CHILDREN'S CORNER with PANIC CHILUFYA
MOST children believe that money comes from a wallet, purse or an automated teller machine (ATM). They do not understand that it must first be earned to be there. Once they understand that people have to work to earn money, only then will it help in
instilling a positive work ethic in young people.
It is important for parents to teach children from an early age the value of working hard to acquire what they need and desire as they mature into adulthood instead of always waiting to ‘inherit’ from other people’s sweat and resourcefulness.
In my interaction with young adults to find out how they feel about earning their own money, it was interesting to discover that they are thriftier and have a lot more respect to how they spend it. They have a better understanding of how to appreciate and use their hard-earned cash. The experience helps to nurture them into responsible and independent young adults.
Victoria C, a 23-year-old, had this to say of her experience of earning her own money while waiting to go to university:
“I learnt that I enjoy being independent and being able to help out at home. I remember when I first got paid from a job I took after my Grade 12 exams as I was waiting for results. I bought my mother a set of glasses that she needed. This made me happy to see that I could contribute at home.

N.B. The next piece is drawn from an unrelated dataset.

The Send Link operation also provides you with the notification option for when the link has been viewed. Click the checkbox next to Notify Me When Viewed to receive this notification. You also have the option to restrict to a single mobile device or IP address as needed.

“With regard to hard work and labour, the experience opened my eyes to have more respect for people in their work capacities because it is not easy. It takes a lot of hard work and commitment to do the same thing every day. I also learnt that if you enjoy what you do and give it your all, you will see the fruits and even your employers will commend you, which is fulfilling. Working is definitely a good way for young people to hone skills necessary for growing up into adult life.”
Twenty-year-old Natasha M believes that you cannot see any positive change in your life unless you put in work towards that change. It is only through hard work that one can achieve what they want in life. And to enjoy the benefits of the money earned, one has to be responsible by using it for the right things, and learning to save some of it is equally important. Laziness only leads to failure.
For Precious C, 24, finding a job after school before going to university opened her eyes to a lot of things. Firstly, it taught her to value what she earned after working hard. She was able to see that money doesn’t come easily because as she was growing up, “asking for money from her parents and receiving it was all I understood”. When they were unable to give it to her, she would become impatient. However, with the experience gained from working, she has learnt to understand that money is not always available, especially if one did not work for it. Precious also learnt that consistency and hard work yield good and positive results.
24-year-old Timothy M learnt three lessons, the first one being that of gratitude. It was a privilege to find a job where he was able to practise the training received from tertiary education into good use. There is the appreciation towards learning something new and real because a work environment has different dynamics when compared to school.
The second lesson learnt is that money is not freely given. It is important for someone to work hard, meaning that money is never given unless one shows they deserve it by working hard for it.
For Timothy, sadly, the third lesson is that sometimes hard work goes unnoticed, which can be demoralising especially when a young person has the choice of staying at home or hanging out with friends.
In addition, research has shown that when young people are involved in earning their own money, they develop a positive attitude towards work and life. It helps to cultivate a sense of self-belief of what they can accomplish. Such initiatives offer an opportunity to build skills, meet new challenges, perseverance and observe the results of their efforts that instil the value of hard work.